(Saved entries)
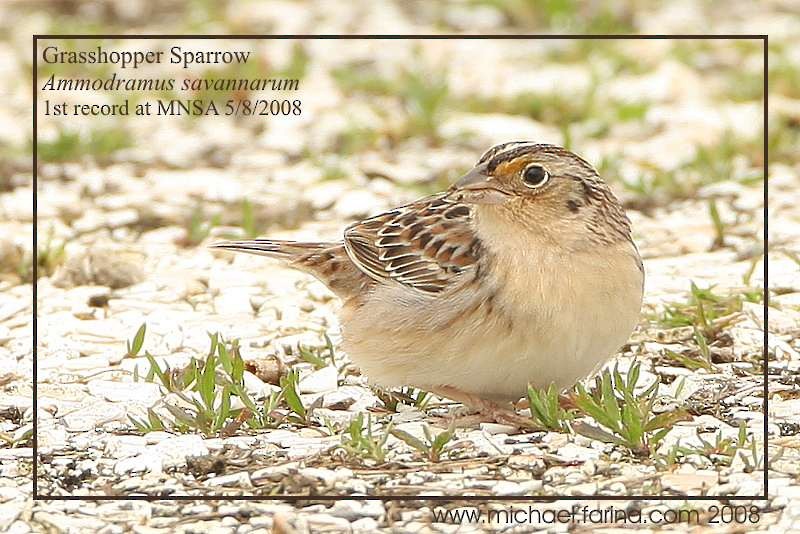 Grasshopper Sparrow - ML52645941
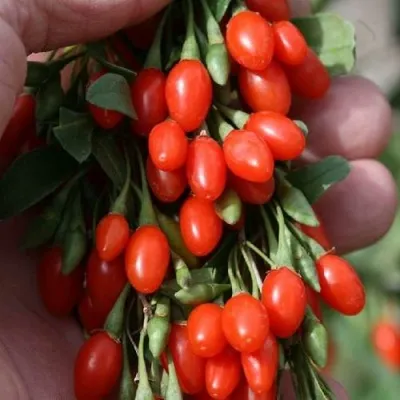 Годжи КОРЕАН БИГ — описание сорта Годжи КОРЕАН БИГ в Москве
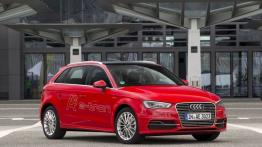 Audi A3 III Sportback e-tron (2013) - prawy bok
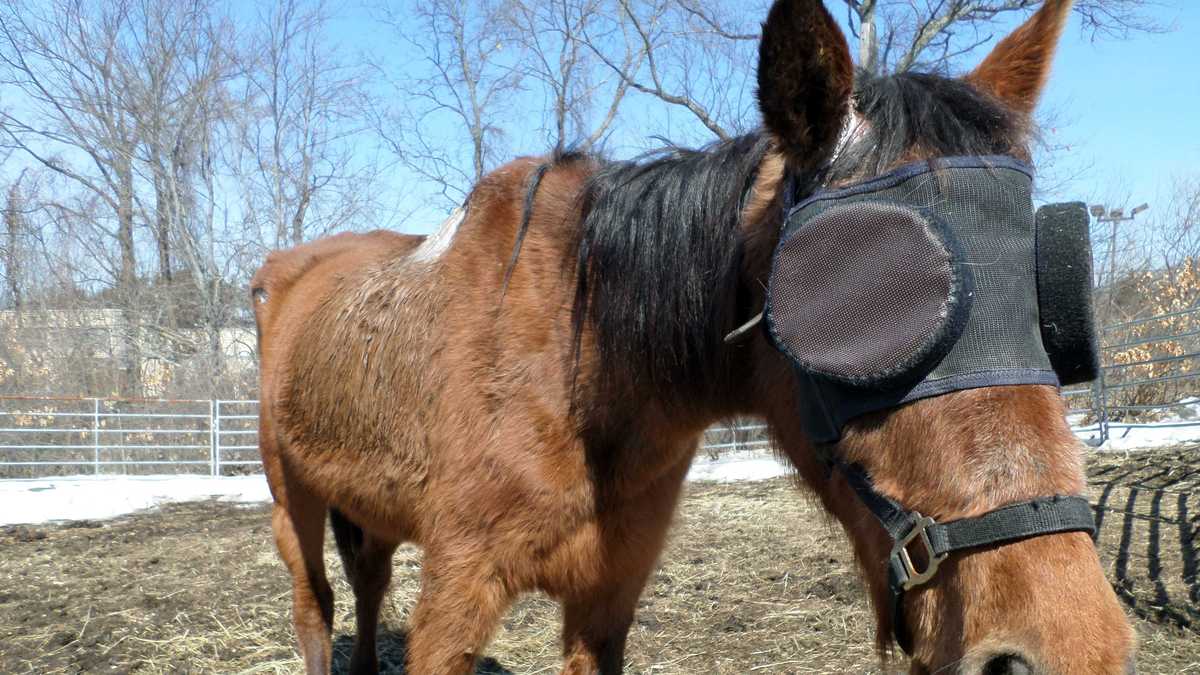 Funds being raised to help save critically ill horse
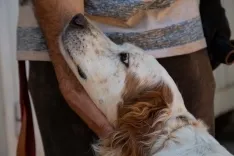 Foto 14 - Fotos y video: Un amor que hay que vivir para entender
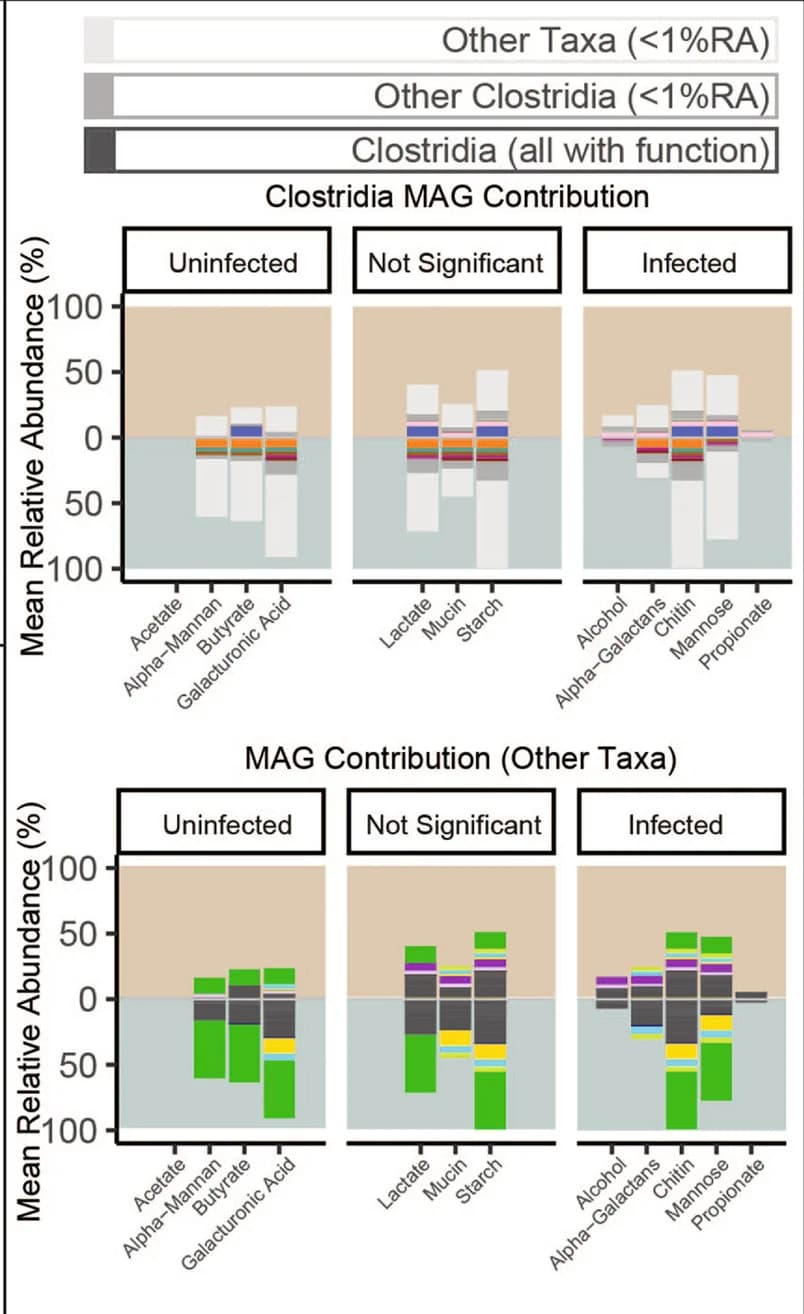 Open access visualization of Stacked Bar Plot, Clustered, Clostridia, Functions, Taxa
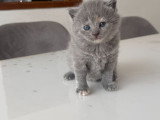 Chatons de type British Shorthair à vendre (4 femelles & 1 mâle)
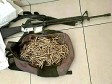 iciHaiti - PNH : A gang leader killed, an assault rifle and ammunition recovered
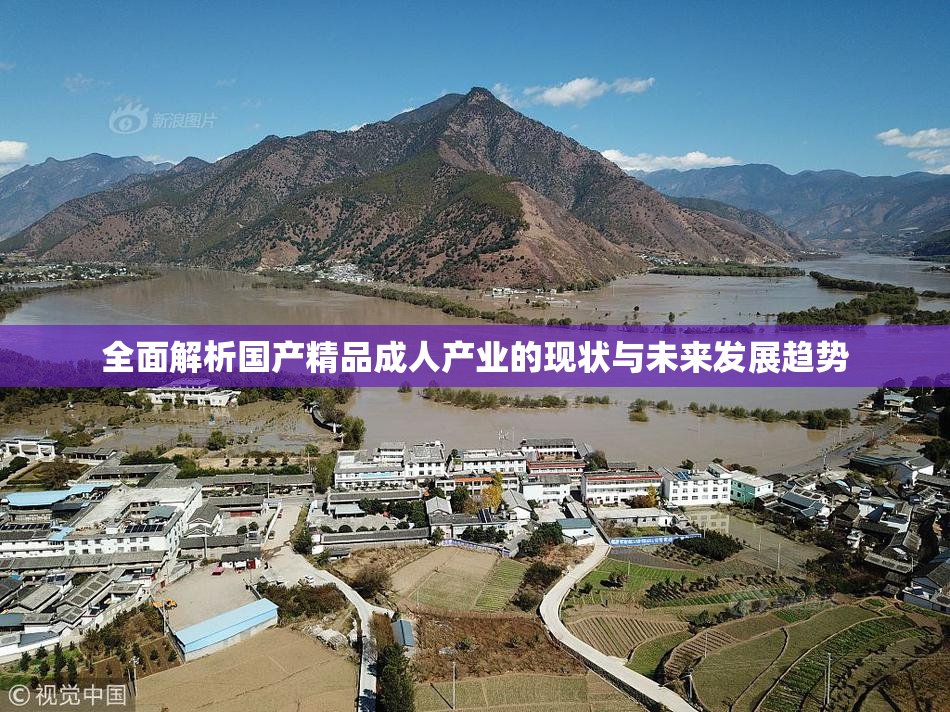 全面解析国产精品成人产业的现状与未来发展趋势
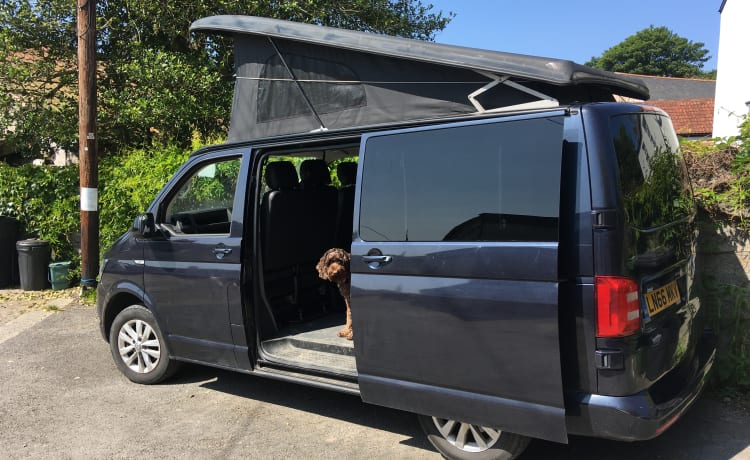 Darcey VW T5 North Devon 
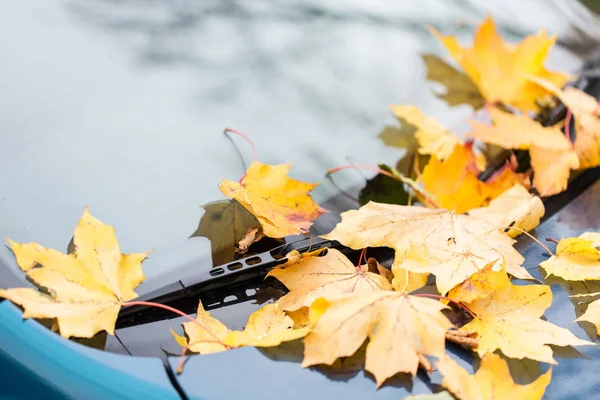 秋の紅葉と車のワイパーのクローズ アップ — ストック写真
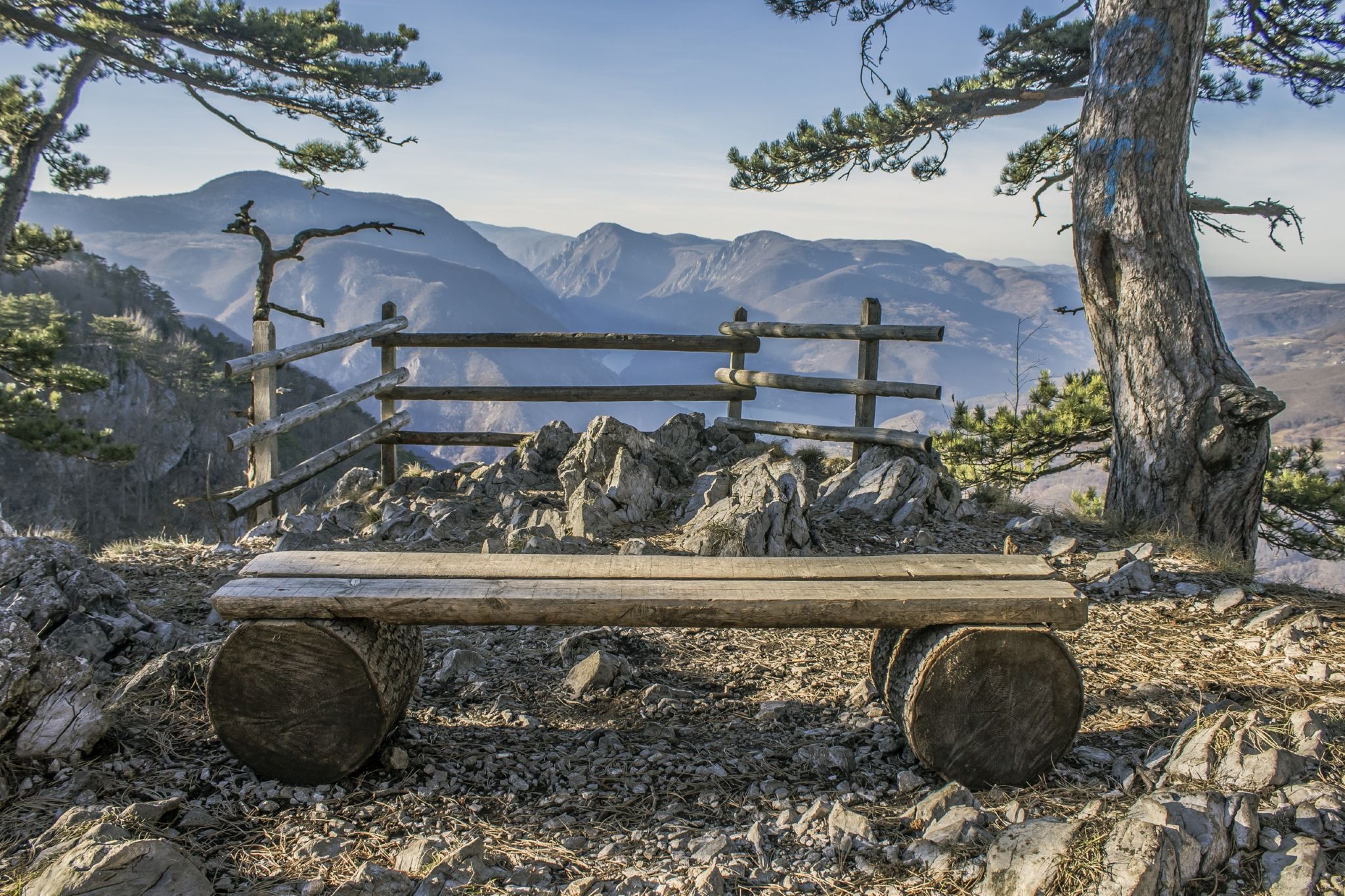 Excursión de un día al Parque Nacional Tara en Serbia | Visita a la Casa de Piedra del río Drina y al mirador del cañón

WORK INSTRUCTION: The line containing "Foto 14 - Fotos" and every line after it, up to the last line of the data, should be returned exactly, without the pictures.

RESPONSE:
 Foto 14 - Fotos y video: Un amor que hay que vivir para entender
 Open access visualization of Stacked Bar Plot, Clustered, Clostridia, Functions, Taxa
 Chatons de type British Shorthair à vendre (4 femelles & 1 mâle)
 iciHaiti - PNH : A gang leader killed, an assault rifle and ammunition recovered
 全面解析国产精品成人产业的现状与未来发展趋势
 Darcey VW T5 North Devon 
 秋の紅葉と車のワイパーのクローズ アップ — ストック写真
 Excursión de un día al Parque Nacional Tara en Serbia | Visita a la Casa de Piedra del río Drina y al mirador del cañón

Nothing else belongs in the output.